**Work request**
From the entries below, retype only the lines from the one with "画像1: NARU 40/2コットンギャバ ショートトレンチコート　2色 (1)" through the one with "Romantic Valentine's Day", exactly as written.

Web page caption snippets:
# # #
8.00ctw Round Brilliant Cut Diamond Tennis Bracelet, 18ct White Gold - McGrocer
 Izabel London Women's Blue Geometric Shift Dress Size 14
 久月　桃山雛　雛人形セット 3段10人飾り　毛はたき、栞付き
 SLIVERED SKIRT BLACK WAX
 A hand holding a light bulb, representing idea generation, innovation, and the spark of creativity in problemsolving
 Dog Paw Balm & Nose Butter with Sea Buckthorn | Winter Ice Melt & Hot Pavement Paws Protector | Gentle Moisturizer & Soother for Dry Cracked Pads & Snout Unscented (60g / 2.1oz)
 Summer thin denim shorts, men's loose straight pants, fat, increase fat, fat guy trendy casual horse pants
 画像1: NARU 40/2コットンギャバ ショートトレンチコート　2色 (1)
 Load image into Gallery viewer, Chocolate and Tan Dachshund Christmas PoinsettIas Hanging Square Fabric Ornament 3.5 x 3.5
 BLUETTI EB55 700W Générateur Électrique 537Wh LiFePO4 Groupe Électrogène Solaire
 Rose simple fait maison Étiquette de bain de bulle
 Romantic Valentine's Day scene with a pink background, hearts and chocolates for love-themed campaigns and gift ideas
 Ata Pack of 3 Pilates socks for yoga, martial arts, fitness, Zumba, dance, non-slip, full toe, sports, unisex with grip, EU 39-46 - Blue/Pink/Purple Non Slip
# # #
**Exercise output**
 画像1: NARU 40/2コットンギャバ ショートトレンチコート　2色 (1)
 Load image into Gallery viewer, Chocolate and Tan Dachshund Christmas PoinsettIas Hanging Square Fabric Ornament 3.5 x 3.5
 BLUETTI EB55 700W Générateur Électrique 537Wh LiFePO4 Groupe Électrogène Solaire
 Rose simple fait maison Étiquette de bain de bulle
 Romantic Valentine's Day scene with a pink background, hearts and chocolates for love-themed campaigns and gift ideas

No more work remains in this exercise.